Kesamaan pengertian konstitusional ini sangatlah identik dengan Herodes atau Ponsius Pilatus bersama pengikut-pengikutnya, juga erat kaitannya dengan peristiwa arbitrase dalam penggulingan Ali bin Abi Thalib oleh seorang ahli strategi bernama Muawiyah.
Mengenai penggulingan Ali itu, Bung Karno sendiri pernah mengutip pernyataan Cokroaminoto dalam Suluh Indonesia Muda pada tahun 1926:
Setelah Muawiyah mengutamakan azas kekuasaan kebendaan dalam aturan khalifah sesudah para khalifah menjadi raja maka padamlah tabiat Islam yang sebenarnya. Muawiyah telah bertanggungjawab atas merosotnya tabiat Islam yang nyata-nyata bersifat sosialistis yang baik.
Konspirasi Muawiyah bersama kroni-kroninya dalam memanfaatkan peristiwa pembunuhan Khalifah Usman, tiada lain guna dijadikan alat pemancing bagi kebencian rakyat awam. Saat itu, dengan memerintahkan seorang kaki-tangannya, segeralah dipertontonkan pakaian Usman yang berlumuran darah di depan mesjid Damaskus. Selama beberapa waktu ia berpura-pura sedih atas kematian Usman, sebagai ungkapan simpati dan duka-cita terhadapnya. Padahal ketika berlangsungnya peristiwa tragis itu, Usman sempat meminta bantuan kepada Muawiyah selaku Gubernur Damaskus namun kemudian ia sama sekali tidak menghiraukan atasannya.
Strategi Muawiyah dalam melancarkan kudeta merangkak itu kelak dijadikan alat propaganda untuk menuduh Ali, bahkan menyebarkannya sebagai pelaku atas pembunuhan Usman itu. Seketika itu dikerahkanlah tentara-tentara Muawiyah untuk menggempur kedudukan Ali, meski kemudian dapat dipatahkan oleh pengikut-pengikut Ali di sekitar wilayah Siffin.

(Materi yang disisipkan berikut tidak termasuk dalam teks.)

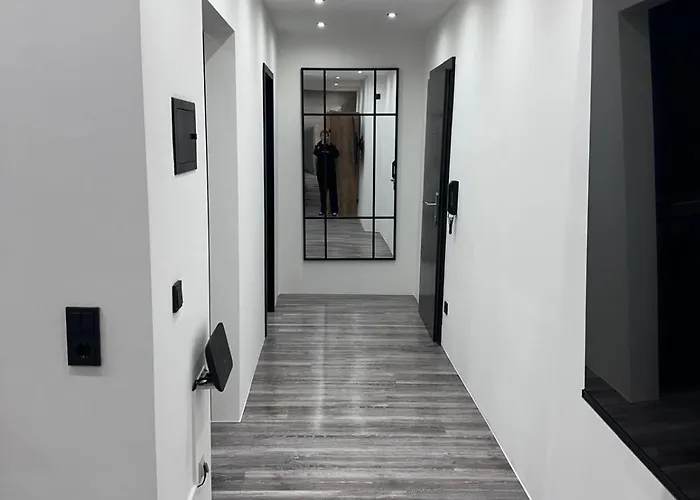 Im Herzen Von شقة *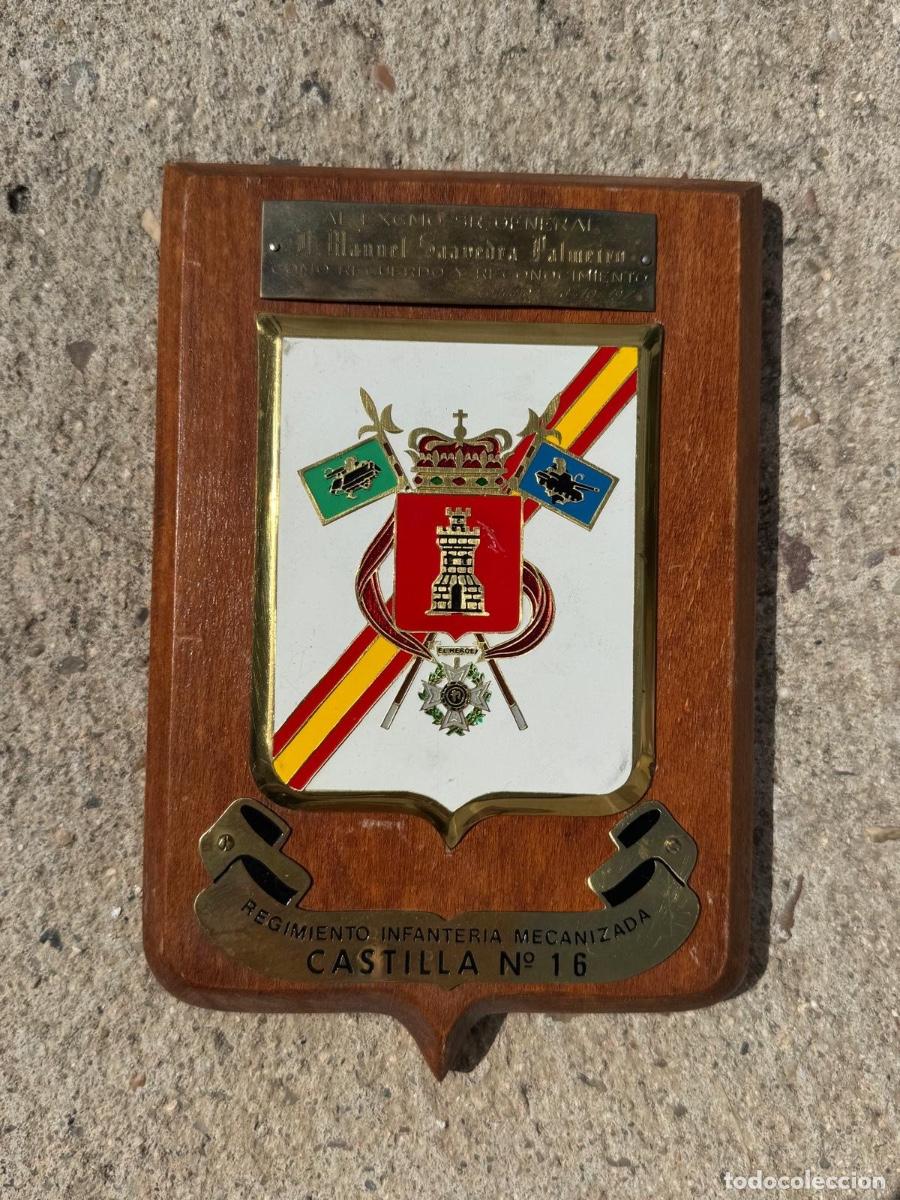 Militaria: Metopa militar regimiento infanter&iacute;a mecanizada Castilla 16 a divisi&oacute;n azul general Saavedra 20x14cm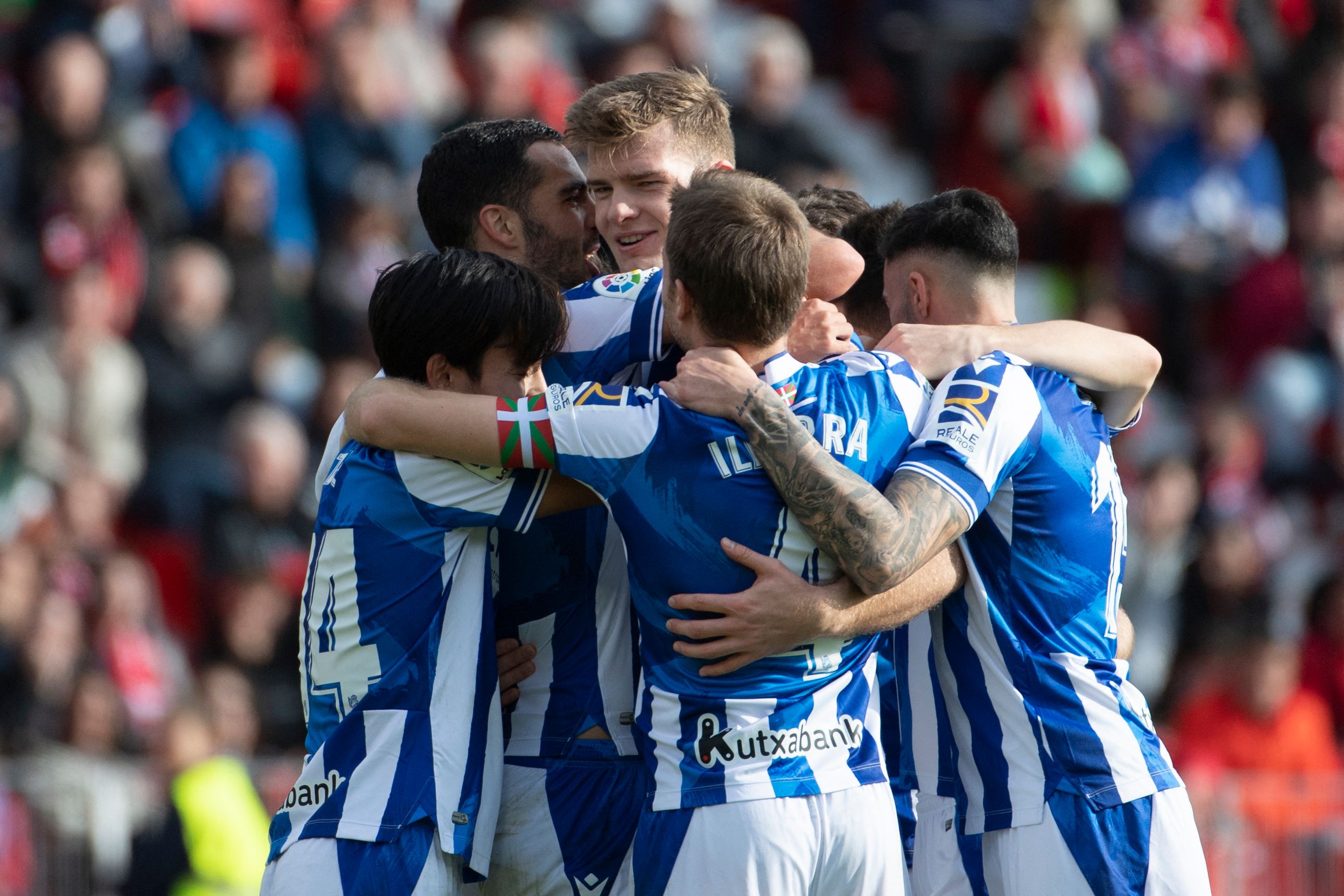 Para pemain Real Sociedad melakukan selebrasi usai mencetak gol ke gawang Almeria di laga La Liga.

Seorang kaki-tangan Muawiyah selanjutnya mengusulkan perjanjian damai, sambil mengangkat dan memamerkan Al-Quran sebagai tameng bagi kepatuhan pada agama. Saat itu orang-orang saleh di pihak Ali telah terkibuli dan terkecoh oleh siasat licik itu, hingga salah seorang berujar disertai ketakutan: Ya Ali, kami tidak sanggup memerangi Al-Quran.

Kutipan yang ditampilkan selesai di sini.